After that, they implemented a "point system" that restricted our flexibility with sick calls. We still do our jobs.
(And for that matter, we probably do our jobs when we aren't feeling great, because we can't afford to accrue points. And now, we need to not be sick in order to be eligible for the new awards program. This is disconcerting. Flu season is in full force and we do see colleagues coming to work sick already, when they should be at home in bed.)
We watched our industry friends at Jet Blue, Southwest, American, Alaska and Virgin America get $1000 tax cut bonuses. When we questioned why we too can't have them we were told "United already had a tax break". Oh yeah? So did American. Why did they get the bonus? Because they care about their employees? That's why. Novel idea.
Then we saw a low profit-sharing percentage, which made us feel precisely like Clark Griswold felt when awarded the jelly of the month club membership. We made quadruple that amount three years ago in profit sharing.

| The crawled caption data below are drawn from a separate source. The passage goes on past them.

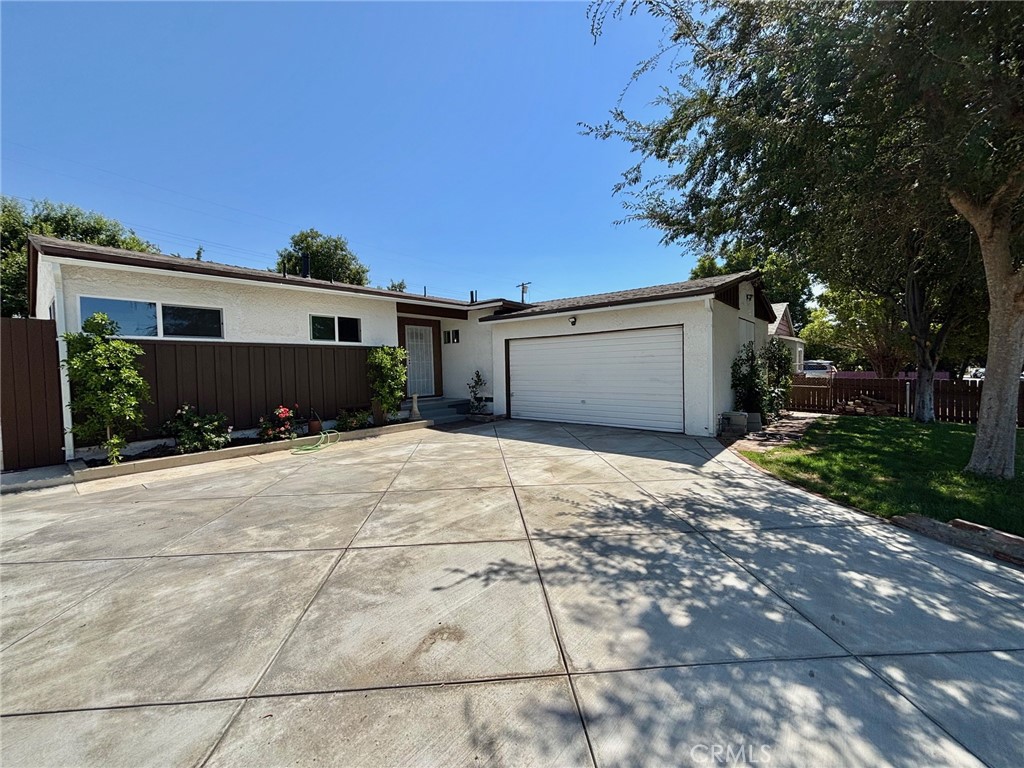 Welcome to this beautifully updated 3-bedroom, 2-bathroom home nestled on a desirable and quiet street in Arleta. Sitting on a spacious lot adorned with mature fruit trees—including avocado, pomegranate, and vibrant bougainvillea—this property offers both charm and comfort. Inside, you’ll find a fresh and modern living space featuring new flooring, dual-pane windows, updated kitchen and bathrooms, and fresh interior paint. The exterior has also been refreshed with new paint, insulation, and the brand-new driveway adds to the home’s great curb appeal. Perfect for entertaining or simply enjoying everyday life, this home is truly move-in ready. Plus, it’s conveniently located just minutes from freeways, shopping, and dining—making your commute and errands a breeze, and home school to the sought after Vena elementary school. Don’t miss the opportunity to make this beautifully updated Arleta home yours!
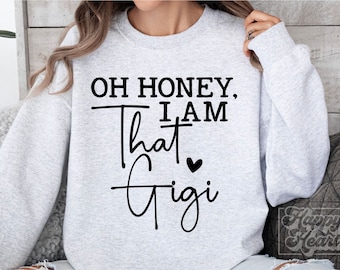 May include: Gray sweatshirt with the text "Oh honey, I am that Gigi" in black with a small heart.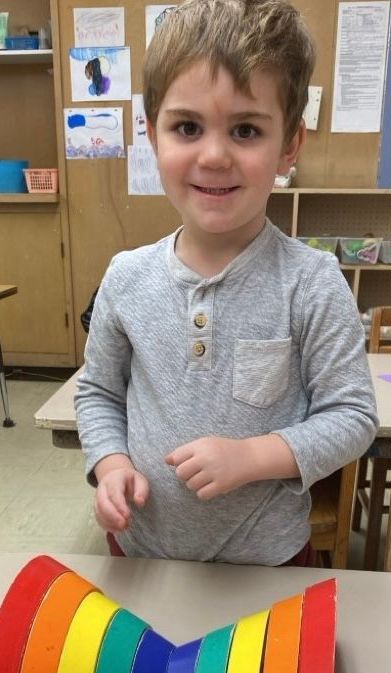 A young boy is sitting at a table with a rainbow craft.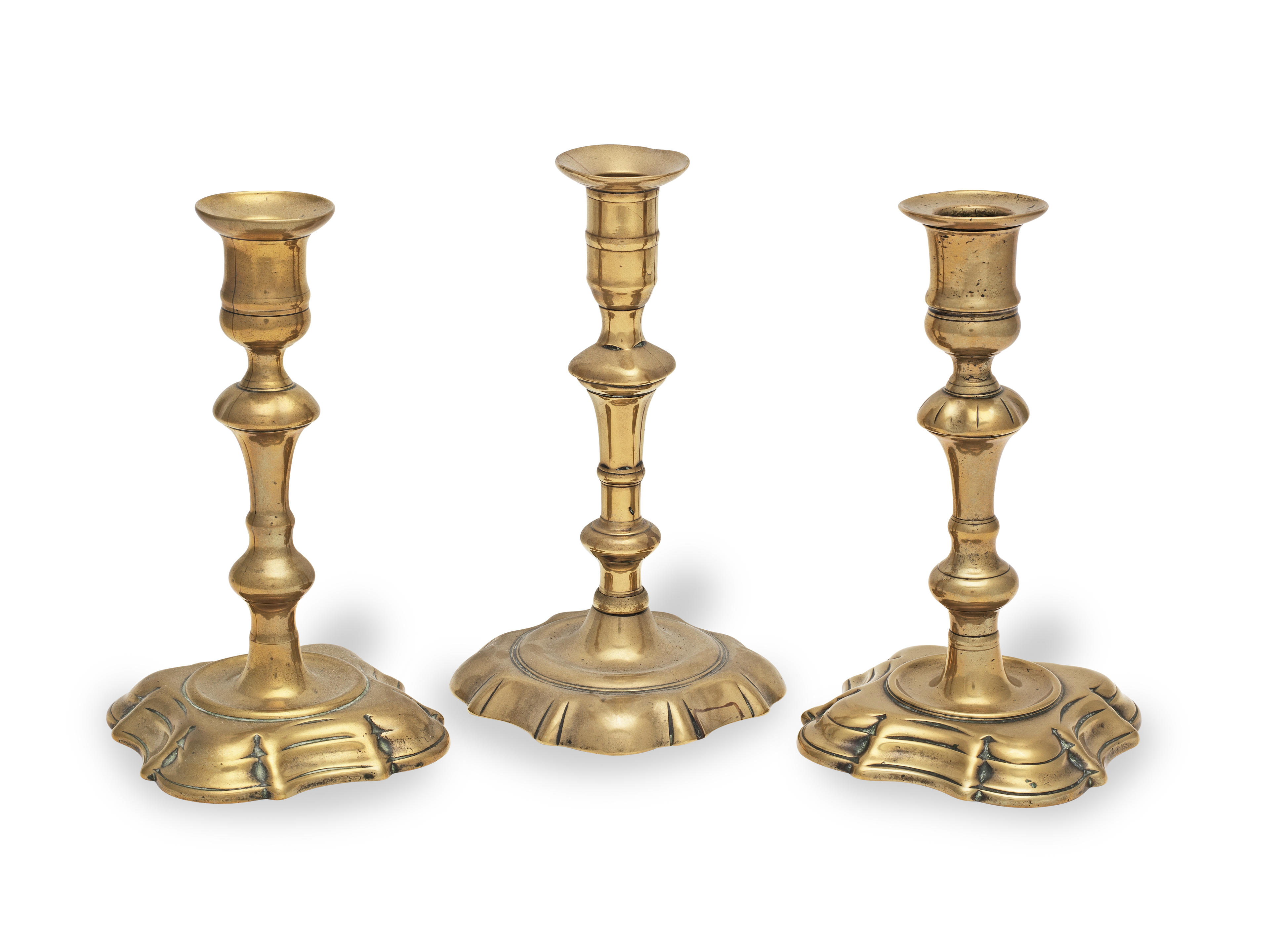 Bonhams : Three George II brass alloy socket candlesticks, circa 1730 ...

But we still keep coming to work and doing our jobs.
We are watching them strip amenities domestically, dispose of our galley and our workspace on the 757, remove lavatories, and add seats, creating more passengers and less room to move. But we still do our service with a smile and a friendly way about us.
Internationally we received a memo stating that staffing would be reduced to match our competitors. We have been working off of two different contracts for well over a year and it is not only confusing, but inevitably frustrating not knowing what has and has not yet been implemented.

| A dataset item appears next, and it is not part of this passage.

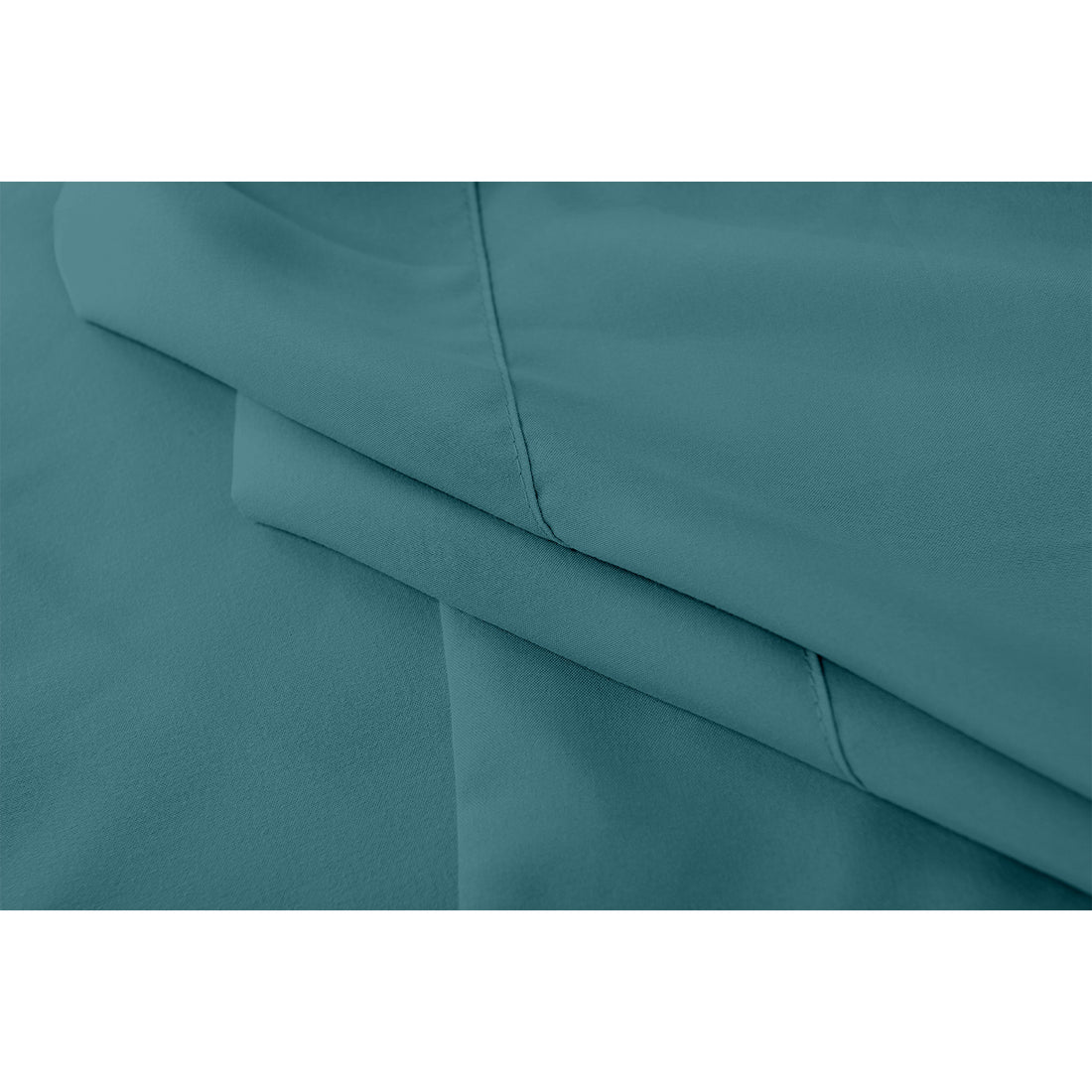 Close-up of Moroccan blue bed sheet set showing stitched seams and folded edges
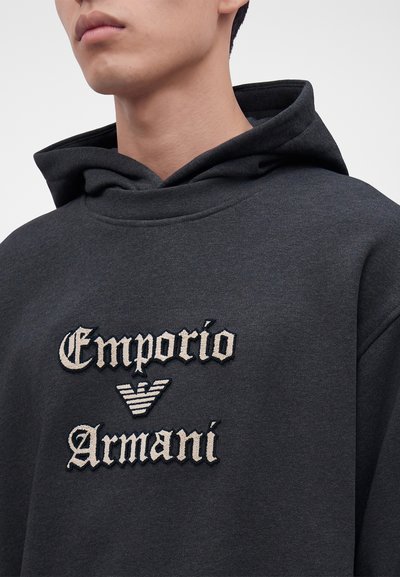 Jeune personne portant un sweat à capuche gris foncé avec "Emporio Armani" et un logo d'aigle rayé brodé sur la poitrine.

On the legacy-CO side of the contract, we are working without duty rigs that our colleagues receive. Also, if we are not at top-out pay, on the co-side, we receive our raises a month behind our colleagues with the same seniority. (We get ours the date we came online; they get theirs the date they started training.)
We watched an optional program "bonus bucks" become a mandatory program. We now announce and pedal card membership through the aisle. And we do it with a smile. The cheapened domestic plane has never felt so cheap, as we push this credit card on unsuspecting customers, who really don't want to be bothered.
Last, they took away our quarterly incentive bonuses, and changed it to a deplorable new system that only rewards an elite few. (No surprise, since they are good at only awarding an "elite few" - aka the upper management, and not the entire population of frontline workers.)
Above all, we are still grateful to have jobs, and we still somehow manage to squeak by with this company. We do a thankless job. We cheerfully greet our customers, without so much as a response. We assist a nervous flyer who has never stepped foot on a plane before. We hold the hand of an unaccompanied minor, deplaning to meet his estranged family. We cry with the "Make a Wish Foundation" children, eagerly flying to MCO to fulfil their dreams. We walk an elderly couple to their next gate ... yet, our paychecks are wrong lately, and we wait for months, we go through red tape, we are handed off to multiple departments, sent on a wild-goose chase, to find out where our missing money is.
For many of us, caring for customers is innate. We back up the company, we learn and we promote and we follow United's values. We do what we can to appease the management and do our jobs adequately (and beyond). Most of us have a background in customer service. We come from caring professions. Nurses, counsellors, teachers and even clergy. We do what they want us to do. We stand behind United. It is disappointing and quite frankly, downright disgusting that our caring for the company is not reciprocal.
Thank you very much for taking our concerns seriously and for reading this letter.